> [Aim of the task]:
Copy the records below exactly. Include all of them.

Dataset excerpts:

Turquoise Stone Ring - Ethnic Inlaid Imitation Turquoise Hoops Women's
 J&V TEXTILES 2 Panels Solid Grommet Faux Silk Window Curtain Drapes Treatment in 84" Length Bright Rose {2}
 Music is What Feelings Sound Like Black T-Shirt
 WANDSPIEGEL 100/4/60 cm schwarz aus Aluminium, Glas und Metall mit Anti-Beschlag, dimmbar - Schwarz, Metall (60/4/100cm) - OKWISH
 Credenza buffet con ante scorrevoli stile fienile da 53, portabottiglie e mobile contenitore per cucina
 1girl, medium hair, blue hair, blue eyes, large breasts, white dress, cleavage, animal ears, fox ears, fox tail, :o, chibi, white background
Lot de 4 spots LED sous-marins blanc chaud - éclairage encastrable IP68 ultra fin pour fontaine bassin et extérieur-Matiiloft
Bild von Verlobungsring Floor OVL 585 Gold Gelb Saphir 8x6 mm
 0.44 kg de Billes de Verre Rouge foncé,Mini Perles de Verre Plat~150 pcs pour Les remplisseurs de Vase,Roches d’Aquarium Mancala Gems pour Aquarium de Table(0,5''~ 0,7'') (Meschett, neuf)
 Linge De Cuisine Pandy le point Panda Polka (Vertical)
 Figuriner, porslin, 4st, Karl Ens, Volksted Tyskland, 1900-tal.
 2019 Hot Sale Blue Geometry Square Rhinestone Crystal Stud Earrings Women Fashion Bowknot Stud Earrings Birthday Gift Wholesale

> [Answer box]:
Turquoise Stone Ring - Ethnic Inlaid Imitation Turquoise Hoops Women's
 J&V TEXTILES 2 Panels Solid Grommet Faux Silk Window Curtain Drapes Treatment in 84" Length Bright Rose {2}
 Music is What Feelings Sound Like Black T-Shirt
 WANDSPIEGEL 100/4/60 cm schwarz aus Aluminium, Glas und Metall mit Anti-Beschlag, dimmbar - Schwarz, Metall (60/4/100cm) - OKWISH
 Credenza buffet con ante scorrevoli stile fienile da 53, portabottiglie e mobile contenitore per cucina
 1girl, medium hair, blue hair, blue eyes, large breasts, white dress, cleavage, animal ears, fox ears, fox tail, :o, chibi, white background
Lot de 4 spots LED sous-marins blanc chaud - éclairage encastrable IP68 ultra fin pour fontaine bassin et extérieur-Matiiloft
Bild von Verlobungsring Floor OVL 585 Gold Gelb Saphir 8x6 mm
 0.44 kg de Billes de Verre Rouge foncé,Mini Perles de Verre Plat~150 pcs pour Les remplisseurs de Vase,Roches d’Aquarium Mancala Gems pour Aquarium de Table(0,5''~ 0,7'') (Meschett, neuf)
 Linge De Cuisine Pandy le point Panda Polka (Vertical)
 Figuriner, porslin, 4st, Karl Ens, Volksted Tyskland, 1900-tal.
 2019 Hot Sale Blue Geometry Square Rhinestone Crystal Stud Earrings Women Fashion Bowknot Stud Earrings Birthday Gift Wholesale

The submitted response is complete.